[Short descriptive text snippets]
::::::::::

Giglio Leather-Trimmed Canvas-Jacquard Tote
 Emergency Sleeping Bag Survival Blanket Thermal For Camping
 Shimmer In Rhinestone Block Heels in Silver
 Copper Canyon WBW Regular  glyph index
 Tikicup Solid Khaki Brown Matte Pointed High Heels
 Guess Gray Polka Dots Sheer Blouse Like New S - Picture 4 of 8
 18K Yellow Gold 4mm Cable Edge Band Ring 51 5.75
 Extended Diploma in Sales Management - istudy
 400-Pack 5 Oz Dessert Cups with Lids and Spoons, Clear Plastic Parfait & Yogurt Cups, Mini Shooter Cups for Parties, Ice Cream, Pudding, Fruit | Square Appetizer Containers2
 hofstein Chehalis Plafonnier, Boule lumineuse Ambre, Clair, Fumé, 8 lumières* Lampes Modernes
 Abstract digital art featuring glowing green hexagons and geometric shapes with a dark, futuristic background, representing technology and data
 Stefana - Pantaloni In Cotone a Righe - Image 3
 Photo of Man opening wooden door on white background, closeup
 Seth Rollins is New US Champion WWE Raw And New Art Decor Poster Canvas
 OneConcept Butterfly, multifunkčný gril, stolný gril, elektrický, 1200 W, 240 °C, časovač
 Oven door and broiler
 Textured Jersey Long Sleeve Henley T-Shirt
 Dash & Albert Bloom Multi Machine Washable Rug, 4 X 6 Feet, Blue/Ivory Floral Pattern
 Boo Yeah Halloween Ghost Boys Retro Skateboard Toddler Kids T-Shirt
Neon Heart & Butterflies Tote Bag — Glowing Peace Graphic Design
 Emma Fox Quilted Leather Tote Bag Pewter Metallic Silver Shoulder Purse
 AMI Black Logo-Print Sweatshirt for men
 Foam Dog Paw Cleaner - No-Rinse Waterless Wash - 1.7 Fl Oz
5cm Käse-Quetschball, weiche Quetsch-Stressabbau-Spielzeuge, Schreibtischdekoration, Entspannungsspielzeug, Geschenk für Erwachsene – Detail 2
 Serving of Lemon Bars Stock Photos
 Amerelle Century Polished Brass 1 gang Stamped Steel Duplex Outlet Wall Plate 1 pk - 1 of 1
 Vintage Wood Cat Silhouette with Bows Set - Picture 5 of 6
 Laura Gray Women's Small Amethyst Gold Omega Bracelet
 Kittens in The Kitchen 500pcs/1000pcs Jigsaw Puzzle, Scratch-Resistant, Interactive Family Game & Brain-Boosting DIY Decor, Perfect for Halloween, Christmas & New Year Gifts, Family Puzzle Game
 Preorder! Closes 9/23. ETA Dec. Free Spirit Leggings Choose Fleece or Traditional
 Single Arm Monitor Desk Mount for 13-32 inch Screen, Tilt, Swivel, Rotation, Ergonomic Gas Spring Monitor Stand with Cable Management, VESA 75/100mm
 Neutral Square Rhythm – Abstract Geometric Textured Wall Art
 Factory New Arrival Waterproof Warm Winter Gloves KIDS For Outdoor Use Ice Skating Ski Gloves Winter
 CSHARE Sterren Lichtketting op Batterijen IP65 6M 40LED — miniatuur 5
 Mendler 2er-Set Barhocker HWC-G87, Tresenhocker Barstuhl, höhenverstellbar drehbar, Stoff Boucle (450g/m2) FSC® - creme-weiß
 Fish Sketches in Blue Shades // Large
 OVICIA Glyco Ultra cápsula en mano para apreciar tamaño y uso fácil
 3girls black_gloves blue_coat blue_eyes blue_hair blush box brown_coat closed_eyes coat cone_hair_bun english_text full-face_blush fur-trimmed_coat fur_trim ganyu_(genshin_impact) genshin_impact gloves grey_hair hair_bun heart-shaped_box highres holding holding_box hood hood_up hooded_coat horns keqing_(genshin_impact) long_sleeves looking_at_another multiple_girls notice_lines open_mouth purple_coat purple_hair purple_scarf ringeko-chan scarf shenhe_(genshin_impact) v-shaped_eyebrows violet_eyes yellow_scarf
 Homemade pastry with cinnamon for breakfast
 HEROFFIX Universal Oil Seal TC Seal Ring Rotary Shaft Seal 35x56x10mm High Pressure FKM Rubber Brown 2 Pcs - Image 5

::::::::::

Repeat, without changes, every line from the one that contains "OVICIA Glyco Ultra" through the final line of the data.

 OVICIA Glyco Ultra cápsula en mano para apreciar tamaño y uso fácil
 3girls black_gloves blue_coat blue_eyes blue_hair blush box brown_coat closed_eyes coat cone_hair_bun english_text full-face_blush fur-trimmed_coat fur_trim ganyu_(genshin_impact) genshin_impact gloves grey_hair hair_bun heart-shaped_box highres holding holding_box hood hood_up hooded_coat horns keqing_(genshin_impact) long_sleeves looking_at_another multiple_girls notice_lines open_mouth purple_coat purple_hair purple_scarf ringeko-chan scarf shenhe_(genshin_impact) v-shaped_eyebrows violet_eyes yellow_scarf
 Homemade pastry with cinnamon for breakfast
 HEROFFIX Universal Oil Seal TC Seal Ring Rotary Shaft Seal 35x56x10mm High Pressure FKM Rubber Brown 2 Pcs - Image 5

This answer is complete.